### Your goal
Lines outside the range are not wanted. Give again exactly the lines between the line holding "Aufkleber - Conceptual" and the line holding "Ring Design Men's", inclusive, from the listing below.

### Extracted data
+-------+
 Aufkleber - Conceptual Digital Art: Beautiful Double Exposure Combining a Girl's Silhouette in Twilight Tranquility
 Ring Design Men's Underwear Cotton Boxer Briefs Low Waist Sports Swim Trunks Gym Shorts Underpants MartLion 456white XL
+-------+
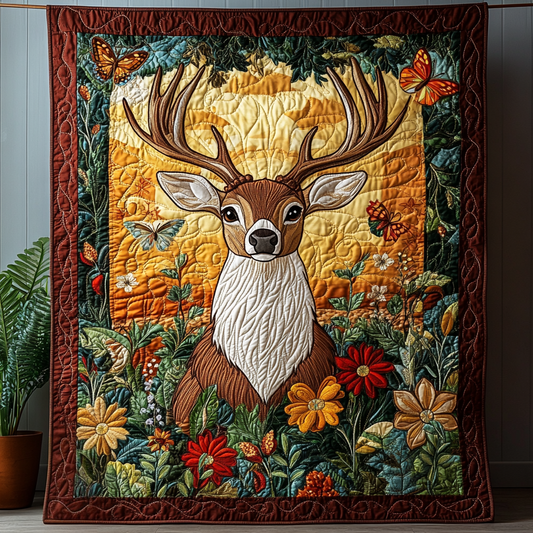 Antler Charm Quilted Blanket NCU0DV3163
+-------+
### Your solution
 Aufkleber - Conceptual Digital Art: Beautiful Double Exposure Combining a Girl's Silhouette in Twilight Tranquility
 Ring Design Men's Underwear Cotton Boxer Briefs Low Waist Sports Swim Trunks Gym Shorts Underpants MartLion 456white XL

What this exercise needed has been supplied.